Il rester le tournoi de Singapour (3 au 5 mai) et la finale à Madrid (31 mai au 2 juin). Comment abordez-vous ces derniers rendez-vous avant les Jeux ?

Comme on aborde chaque tournoi. Avec une détermination à son comble. On essaye à chaque fois de mettre tous les ingrédients nécessaires pour emporter la plus belle des médailles. Ce sont nos deux dernières chances d’atteindre cet objectif. Mais ce n’est pas l’objectif principal. Il faut que l’on coche encore certaines cases pour que ça aboutisse cet été.

“On va balayer la médaille de Tokyo et chercher l’or."

On a célébré mercredi le J-100 avant les Jeux de Paris 2024. Vous y pensez tous les matins en vous levant ?

J'essaie de ne pas trop y penser mais quelque chose nous le rappelle tout le temps ! A la télé, dans les aéroports, même quand on va faire les courses, on tombe sur les petites mascottes de Paris 2024 et là on se dit : “Oui, effectivement il y a les Jeux cet été." Pour l’instant j’essaye de me concentrer sur le Tournoi et de ne pas me mettre la pression. Cette pression-là, je ne sais pas du tout comment je vais la gérer alors je tente de l'atténuer et de ne pas me laisser déborder. Et puis j'en parle beaucoup autour de moi pour vider un peu tout ce qui se passe dans ma tête. J'écris aussi beaucoup et je veux dédramatiser au maximum.

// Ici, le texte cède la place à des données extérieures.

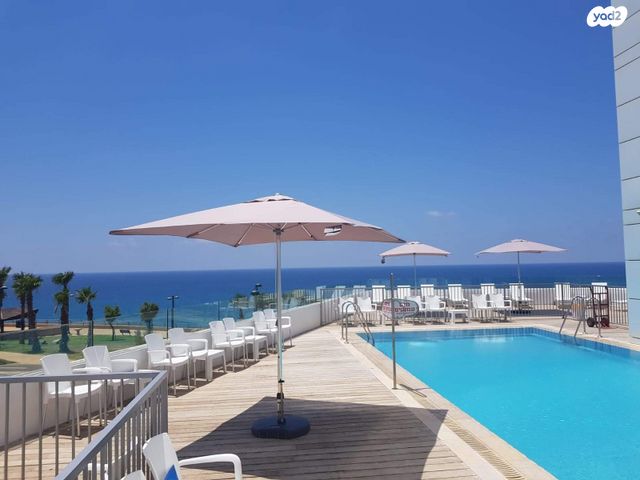 דירה, שדרות בן גוריון 2, נוף הטיילת, נתניה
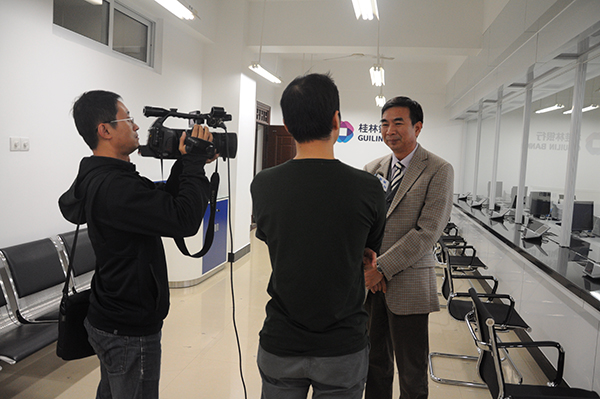 梁宏校长接受桂林电视台采访（大学生通讯社 陈园园 摄）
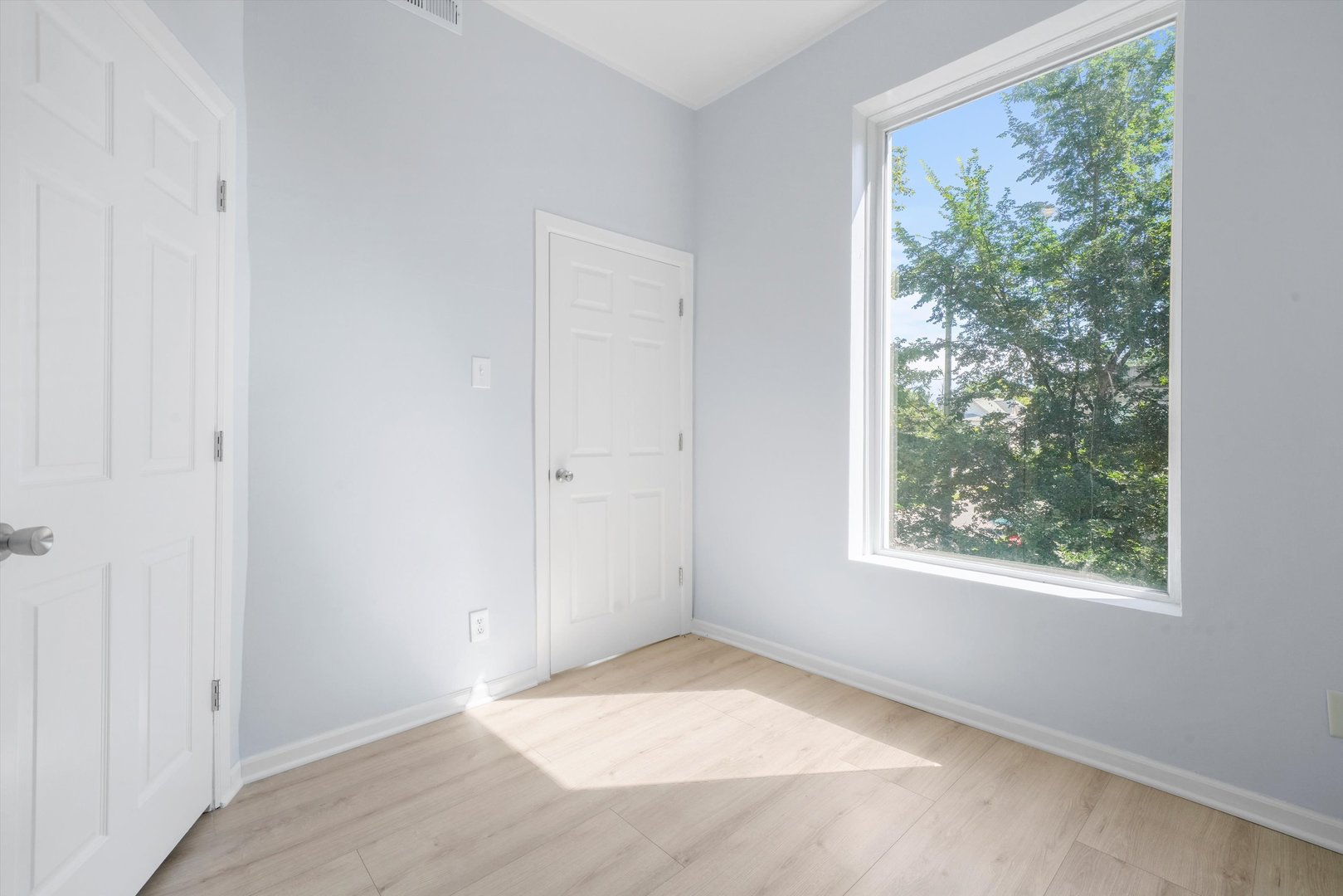 6600 South Marquette Road Chicago, IL 60637 - Photo 13 of 42 an empty room with windows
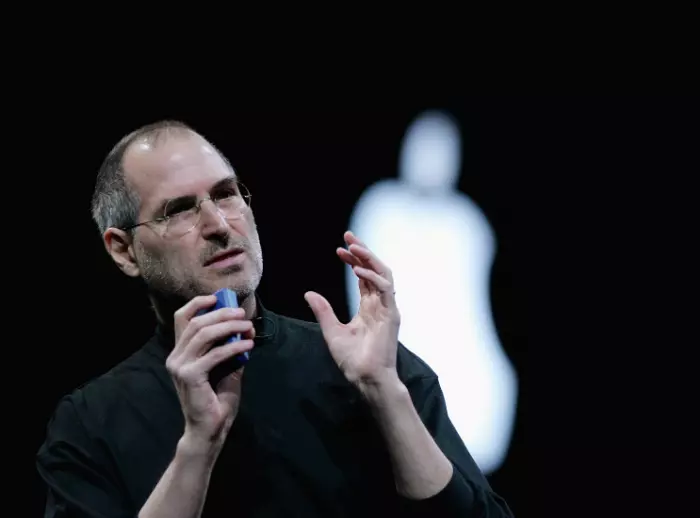 Секретная история iPhone: Стив Джобс хотел выпустить iPhone с двумя кнопками
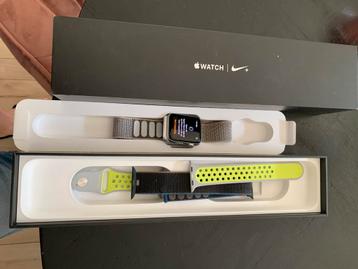 Apple watch series 3 nike edition beschikbaar voor biedingen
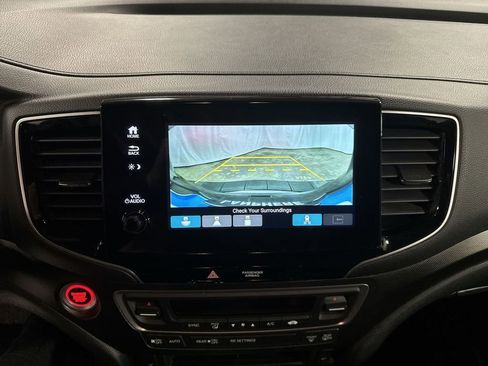 Certified 2022 Honda Passport TrailSport image 25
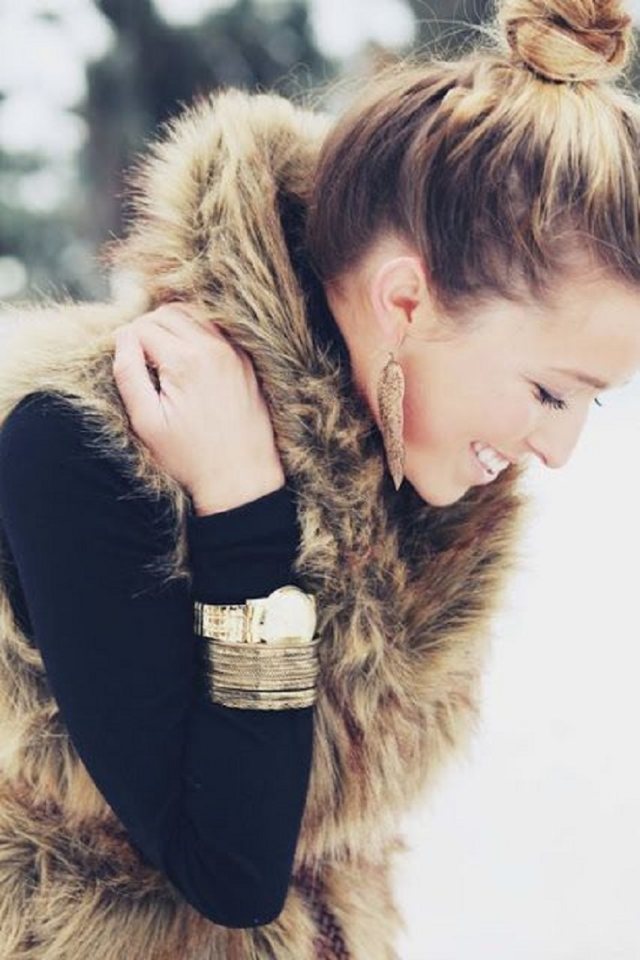 outfit-kožušinová vesta-čierny-sveter-jeseň-zima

Vous êtes vice-championne olympique de rugby à sept après votre médaille d’argent à Tokyo il y a trois ans. C’est une fierté ou plutôt une pression supplémentaire de tenir votre rang pour ces Jeux à la maison ?

Un peu des deux. Mais, qu'on ait eu ce titre ou pas, on va à Paris pour chercher quelque chose. C’est un titre à défendre, certes, mais ce n’est pas suffisant pour nous. On n’était pas venues chercher la deuxième place à Tokyo. On est reparties fières, c’est une très belle médaille et une très grosse performance, mais je pense que l’on va balayer la médaille de Tokyo et chercher l’or.

Comment sentez-vous cette équipe de France de rugby à sept à trois mois des Jeux ?

Les résultats cette saison sont hyper encourageants. Rapporter des médailles à la maison, faire de belles prestations, ça aide à former un groupe fort. Aujourd’hui, on est capable de se faire des retours qui ne font pas toujours plaisir, de se regarder dans les yeux et de se dire : “Voilà, toi tu es passée à côté. Qu’est-ce qu’on fait ?” On essaie toutes et tous – le staff compris - de trouver des solutions. Les coachs font vraiment partie intégrante du projet et du groupe. Ils nous aident au quotidien à cibler nos failles et à les corriger quand on ne trouve pas les réponses entre nous. Mais on essaie au maximum de se responsabiliser et de se tirer toutes vers le haut.

Vous êtes arrivées avec Joanna Grisez et Chloé Jacquet il y a une semaine à Marcoussis après le tournoi à sept de Hong Kong. C’est votre tout premier rassemblement avec le XV de France et vous serez titulaire sur l’aile gauche à Cardiff dimanche. Ça ne fait pas trop de choses à emmagasiner d’un coup ?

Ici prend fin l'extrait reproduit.